**Exercise directions**: Pictures are to be left out, and only the lines from the one with "カステルバジャック ダナン バッグ" through the last line of the listing below are to be repeated exactly.

======== Data section ========

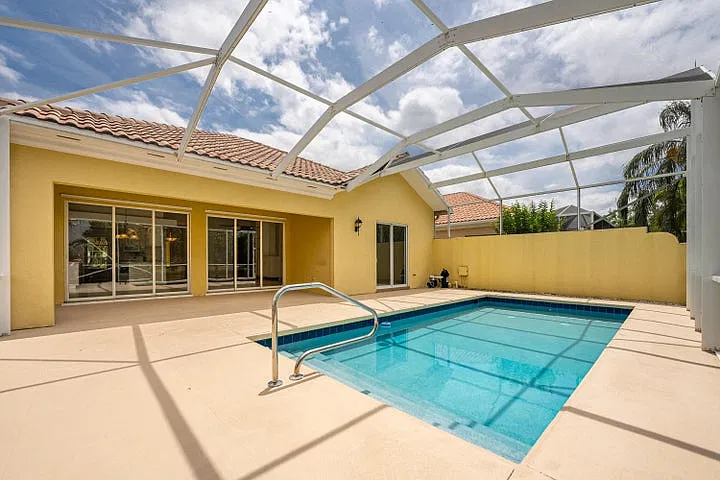 3 bed, 2000 sqft, $3,250 — Photo 3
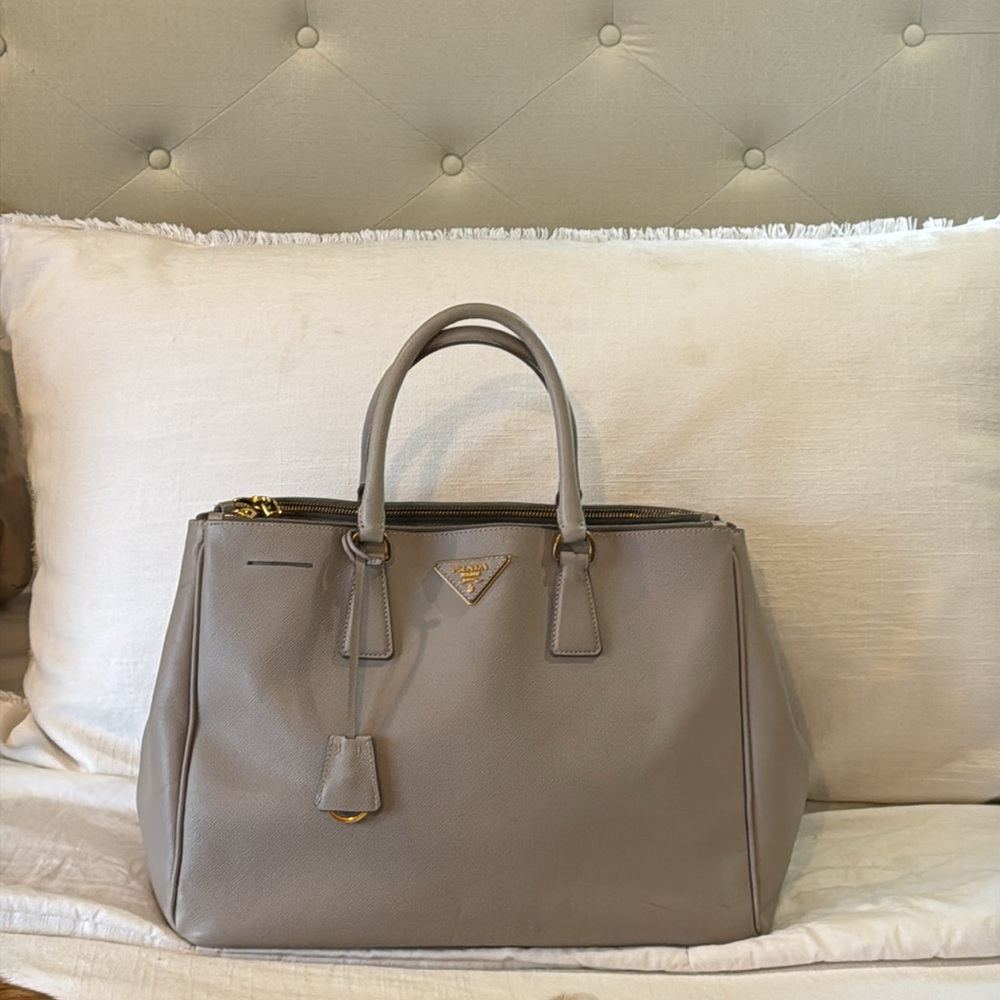 PRADA Safiano Galleria Gray Leather Tote Bag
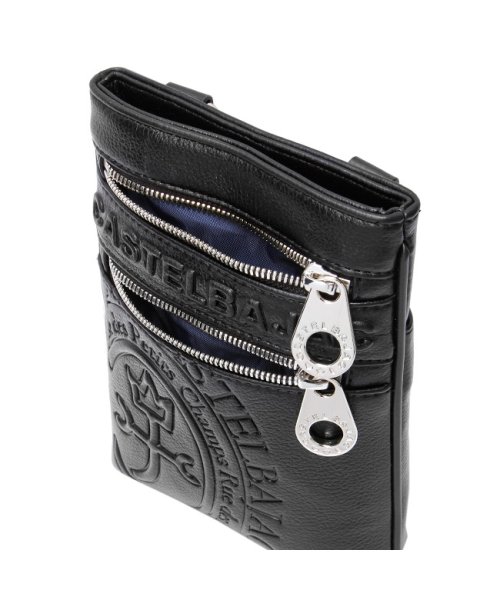 カステルバジャック ダナン バッグ ショルダーバッグ ショルダーポーチ メンズ レディース 斜めがけバッグ Danang CASTELBAJAC 45111 シンプルなデザインながらも 大胆で存在感のあるロゴが際立ち スタイリッシュな雰囲気を醸し出しています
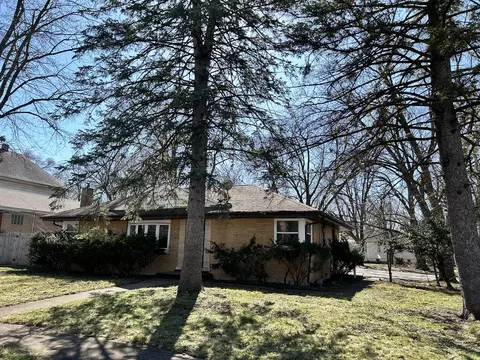 342 Calumet Blvd, Harvey, IL 60426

========

**Task answer**:
 カステルバジャック ダナン バッグ ショルダーバッグ ショルダーポーチ メンズ レディース 斜めがけバッグ Danang CASTELBAJAC 45111 シンプルなデザインながらも 大胆で存在感のあるロゴが際立ち スタイリッシュな雰囲気を醸し出しています
 342 Calumet Blvd, Harvey, IL 60426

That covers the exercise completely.